• What to work on
Below is a listing with pictures in it; transcribe exactly the lines from the one that has "Each remote is" through the one that has "The coffee addition", and omit those pictures.

══ Working data

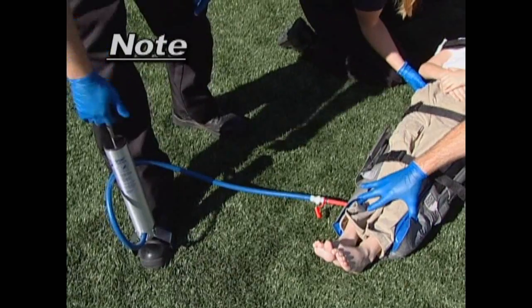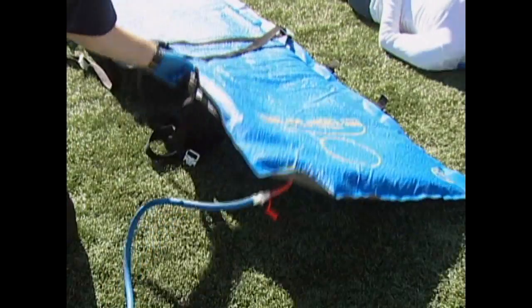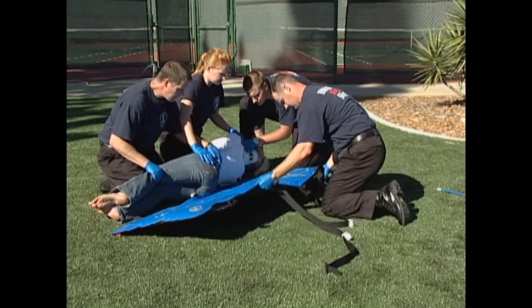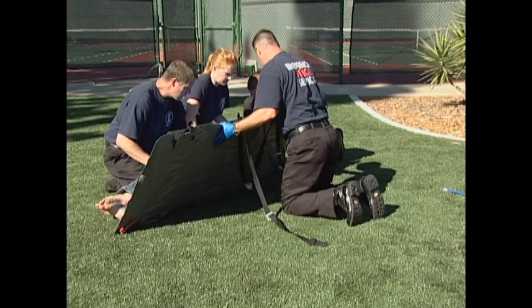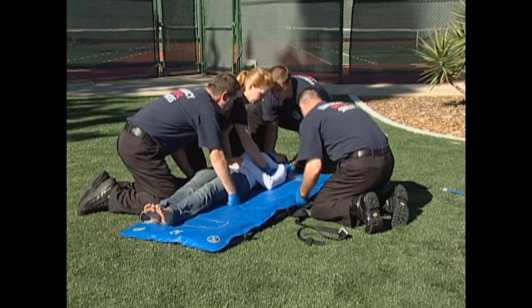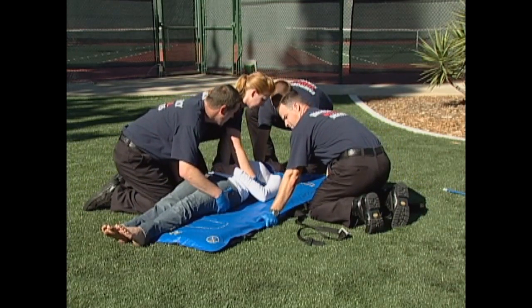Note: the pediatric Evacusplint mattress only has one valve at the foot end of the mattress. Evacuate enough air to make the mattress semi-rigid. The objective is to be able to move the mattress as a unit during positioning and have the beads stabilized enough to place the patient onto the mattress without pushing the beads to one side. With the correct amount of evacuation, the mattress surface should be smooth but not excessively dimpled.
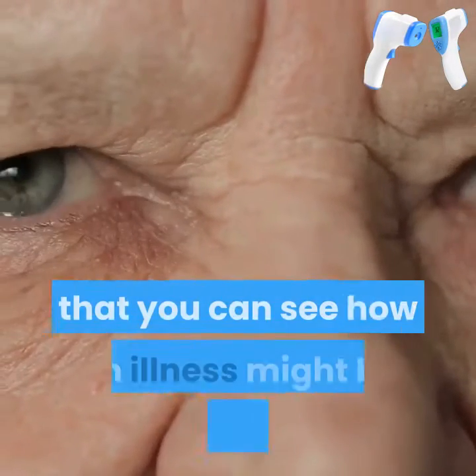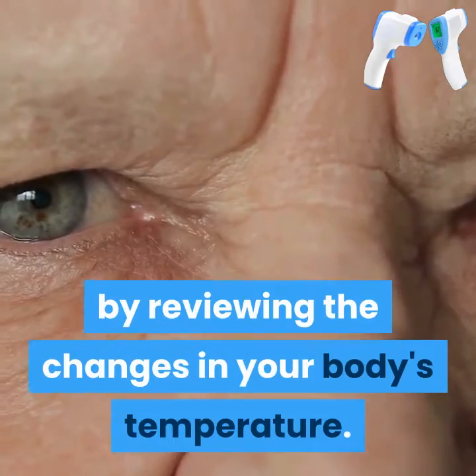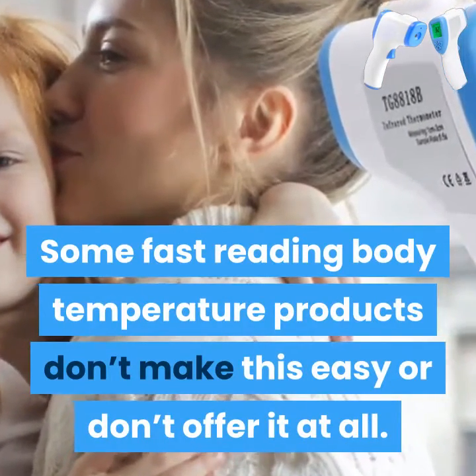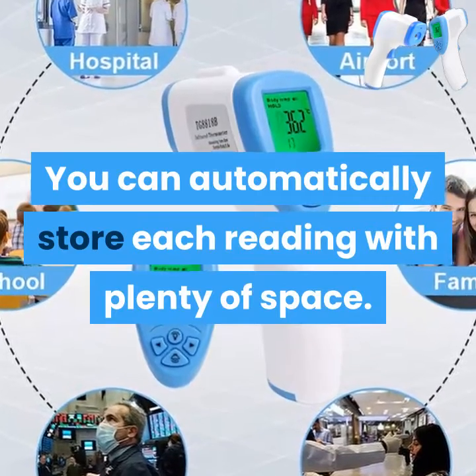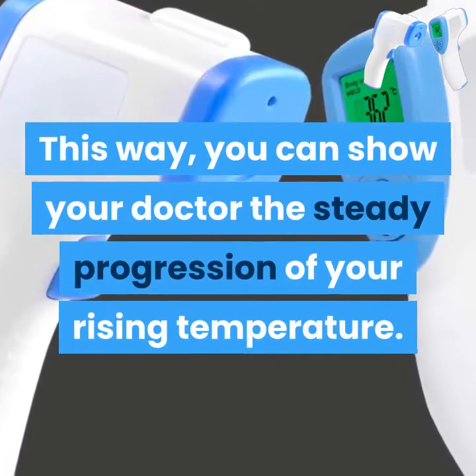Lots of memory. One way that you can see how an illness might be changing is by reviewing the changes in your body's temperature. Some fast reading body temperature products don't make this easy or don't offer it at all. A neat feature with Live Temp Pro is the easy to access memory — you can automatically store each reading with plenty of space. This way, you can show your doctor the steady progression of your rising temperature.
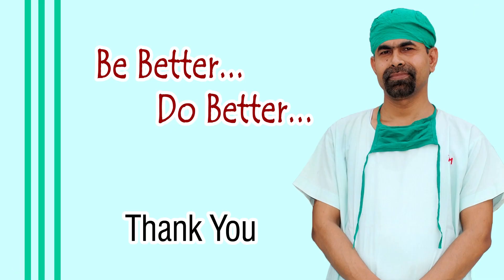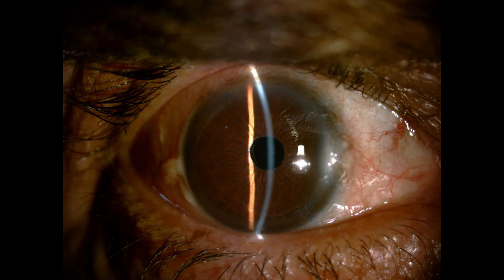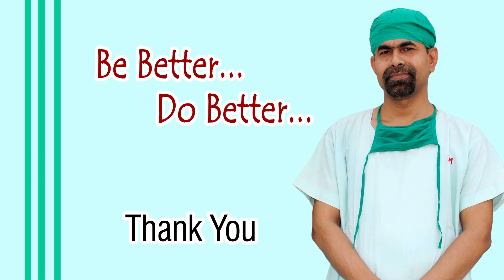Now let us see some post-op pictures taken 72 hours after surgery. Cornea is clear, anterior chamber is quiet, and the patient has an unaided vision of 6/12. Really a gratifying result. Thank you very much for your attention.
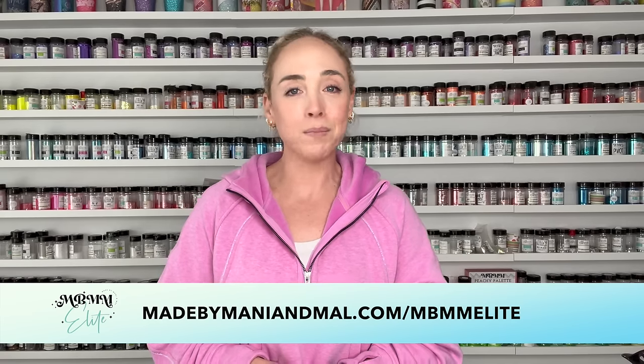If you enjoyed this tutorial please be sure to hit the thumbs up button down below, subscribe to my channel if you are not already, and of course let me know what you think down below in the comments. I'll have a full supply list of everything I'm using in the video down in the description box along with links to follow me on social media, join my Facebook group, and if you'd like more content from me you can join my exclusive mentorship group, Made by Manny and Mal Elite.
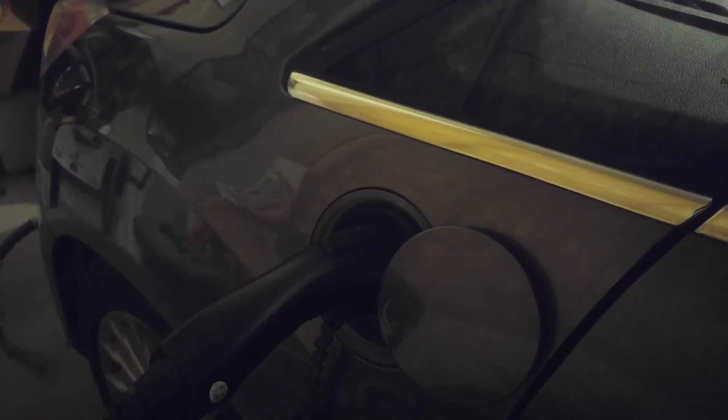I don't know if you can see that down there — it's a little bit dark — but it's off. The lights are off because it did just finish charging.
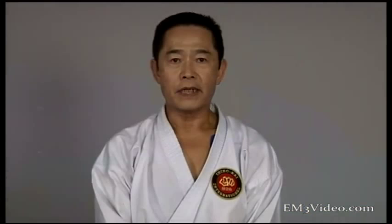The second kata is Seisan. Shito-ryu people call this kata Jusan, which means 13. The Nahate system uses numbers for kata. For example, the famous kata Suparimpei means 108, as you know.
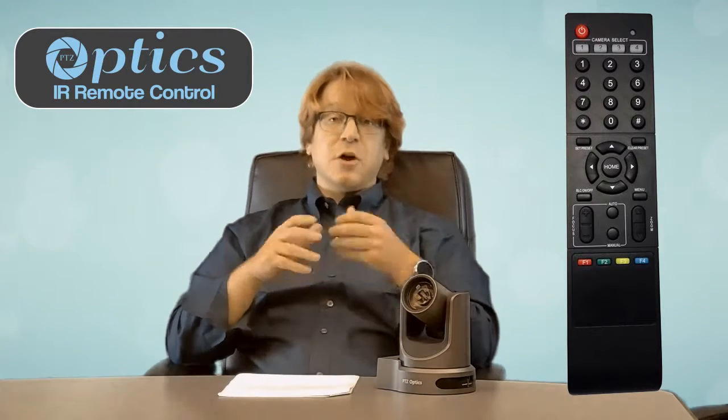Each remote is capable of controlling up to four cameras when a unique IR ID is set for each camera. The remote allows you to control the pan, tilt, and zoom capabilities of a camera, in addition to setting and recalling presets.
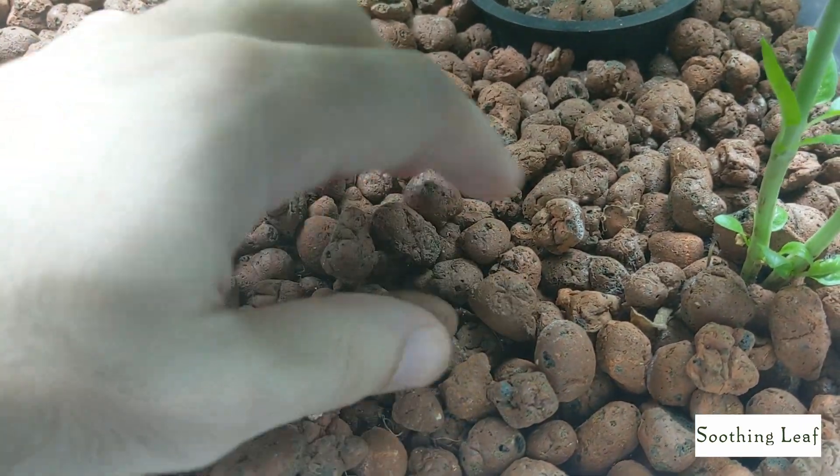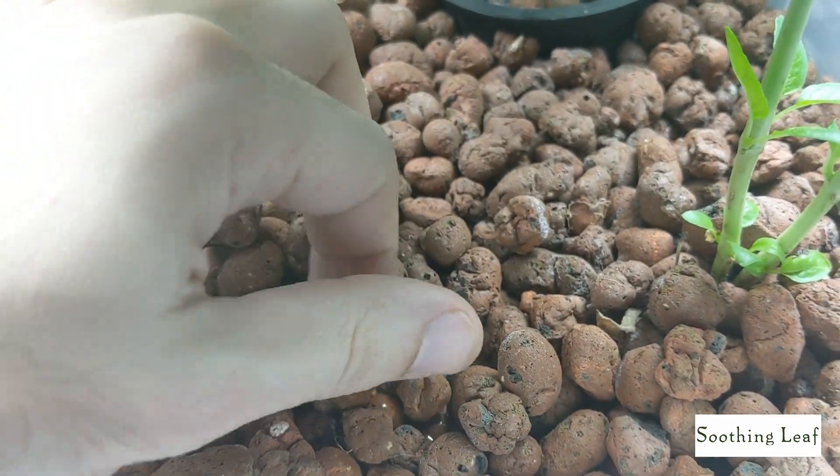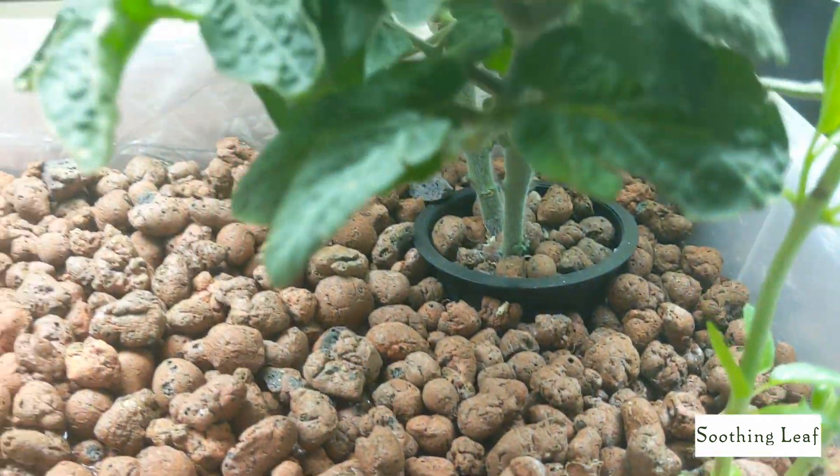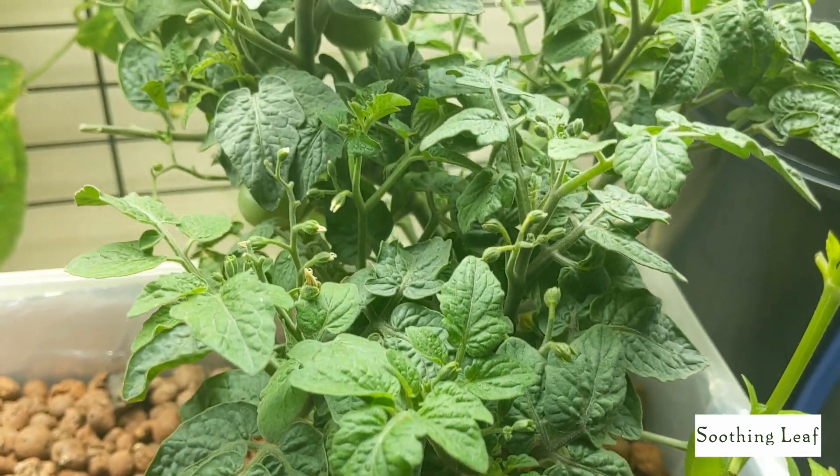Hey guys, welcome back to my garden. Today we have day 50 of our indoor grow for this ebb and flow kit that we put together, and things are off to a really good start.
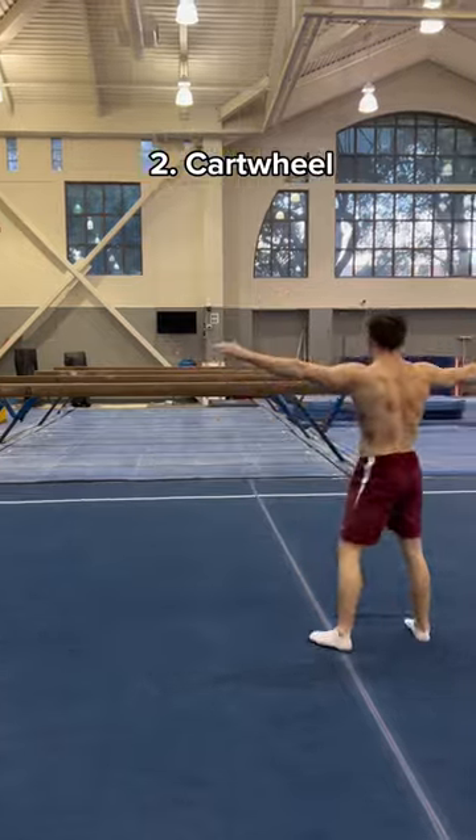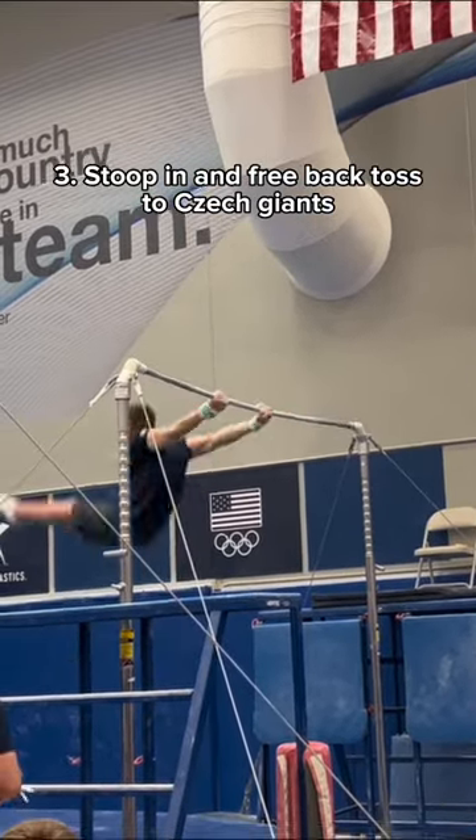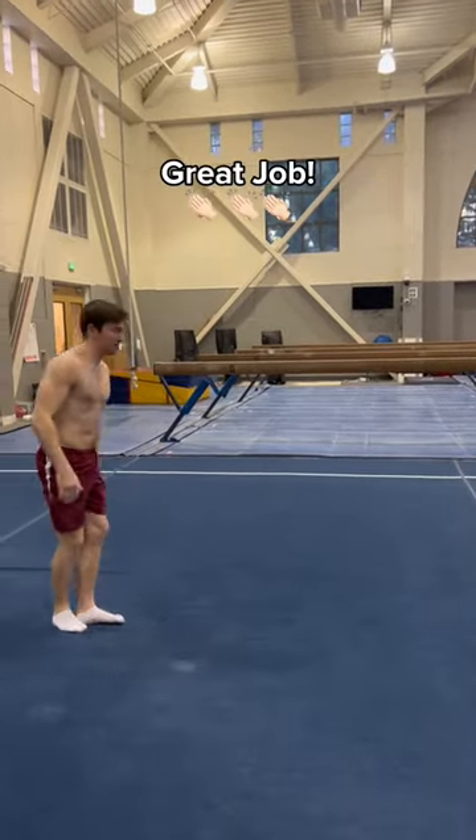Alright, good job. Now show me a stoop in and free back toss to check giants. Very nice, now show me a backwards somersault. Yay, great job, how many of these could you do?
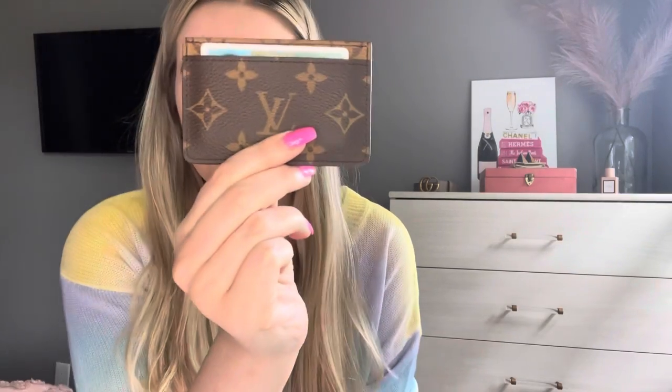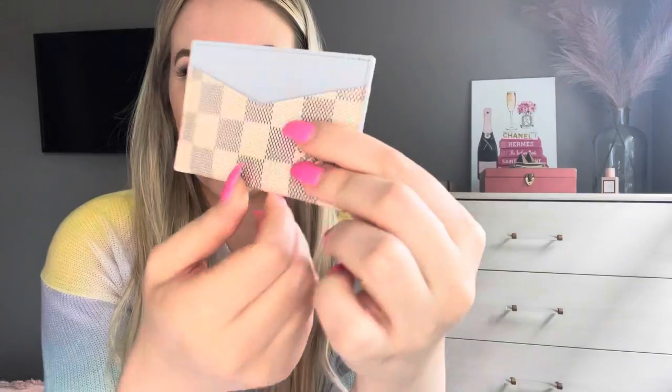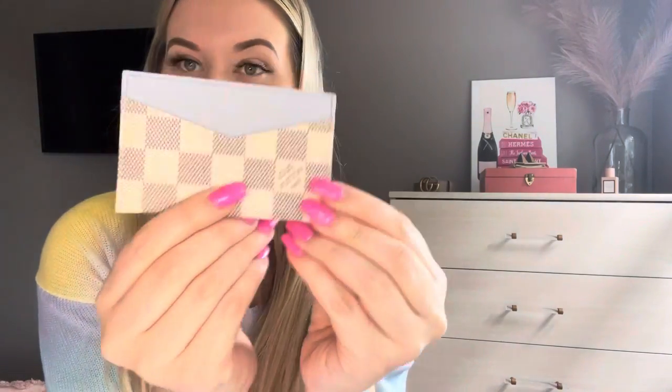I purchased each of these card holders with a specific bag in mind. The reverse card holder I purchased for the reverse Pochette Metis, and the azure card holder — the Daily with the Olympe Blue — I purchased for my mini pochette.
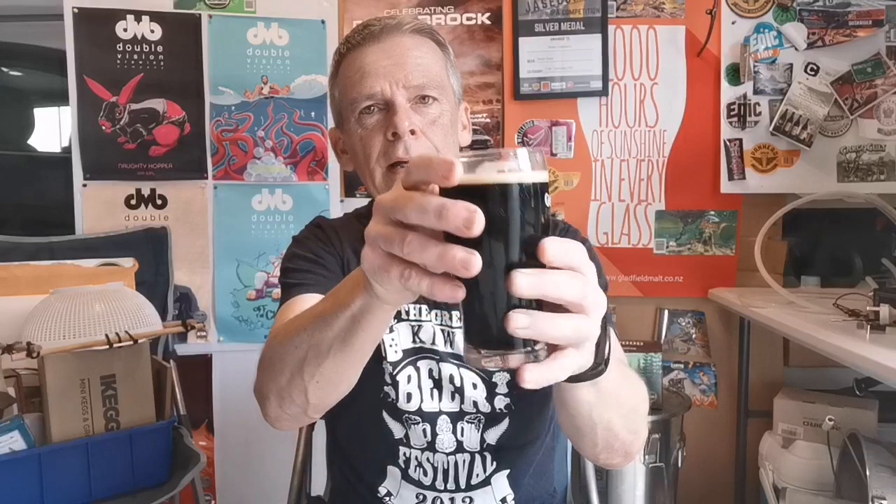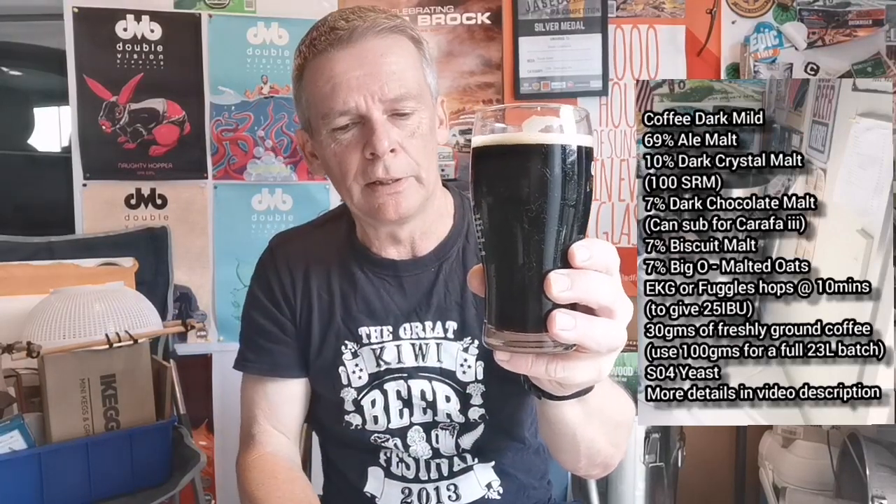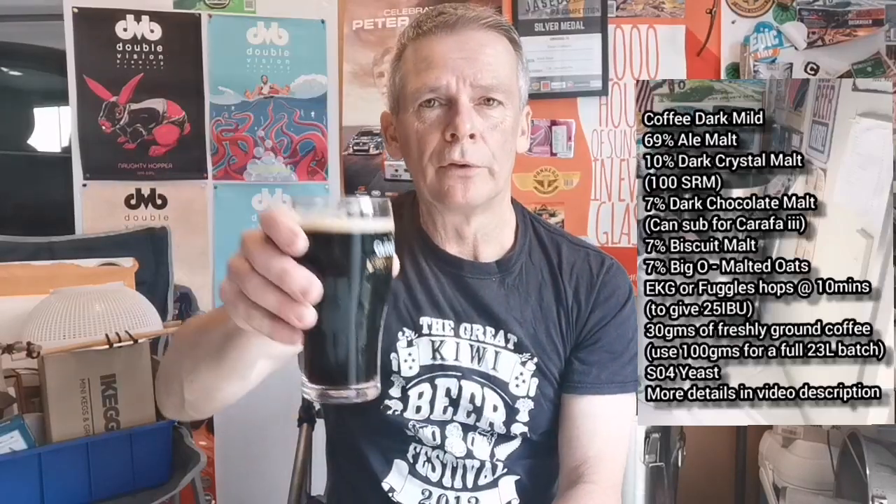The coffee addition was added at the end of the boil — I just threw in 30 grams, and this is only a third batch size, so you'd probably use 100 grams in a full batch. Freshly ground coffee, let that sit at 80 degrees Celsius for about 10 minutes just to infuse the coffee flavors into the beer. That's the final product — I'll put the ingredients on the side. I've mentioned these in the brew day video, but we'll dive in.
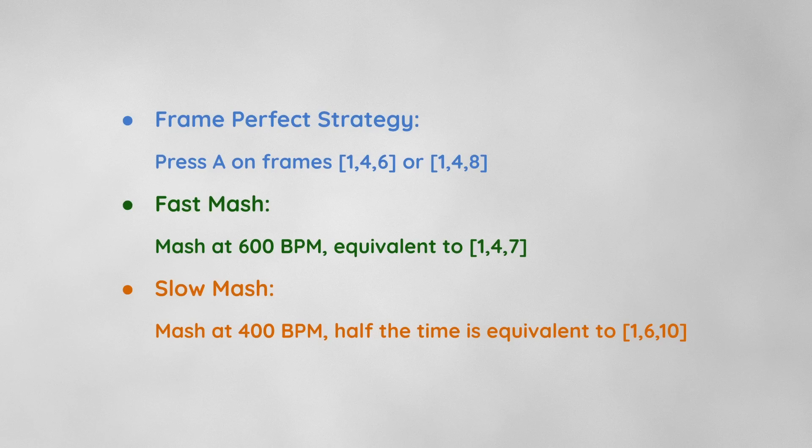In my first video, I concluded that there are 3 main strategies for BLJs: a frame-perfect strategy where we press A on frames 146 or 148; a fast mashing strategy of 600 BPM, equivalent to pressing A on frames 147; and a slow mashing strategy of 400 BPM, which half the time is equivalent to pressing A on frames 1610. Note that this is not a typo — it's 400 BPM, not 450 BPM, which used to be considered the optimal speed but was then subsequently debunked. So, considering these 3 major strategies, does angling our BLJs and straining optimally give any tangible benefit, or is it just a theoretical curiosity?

════

• Solution to the problem
Each remote is capable of controlling up to four cameras when a unique IR ID is set for each camera. The remote allows you to control the pan, tilt, and zoom capabilities of a camera, in addition to setting and recalling presets.
Hey guys, welcome back to my garden. Today we have day 50 of our indoor grow for this ebb and flow kit that we put together, and things are off to a really good start.
Alright, good job. Now show me a stoop in and free back toss to check giants. Very nice, now show me a backwards somersault. Yay, great job, how many of these could you do?
I purchased each of these card holders with a specific bag in mind. The reverse card holder I purchased for the reverse Pochette Metis, and the azure card holder — the Daily with the Olympe Blue — I purchased for my mini pochette.
The coffee addition was added at the end of the boil — I just threw in 30 grams, and this is only a third batch size, so you'd probably use 100 grams in a full batch. Freshly ground coffee, let that sit at 80 degrees Celsius for about 10 minutes just to infuse the coffee flavors into the beer. That's the final product — I'll put the ingredients on the side. I've mentioned these in the brew day video, but we'll dive in.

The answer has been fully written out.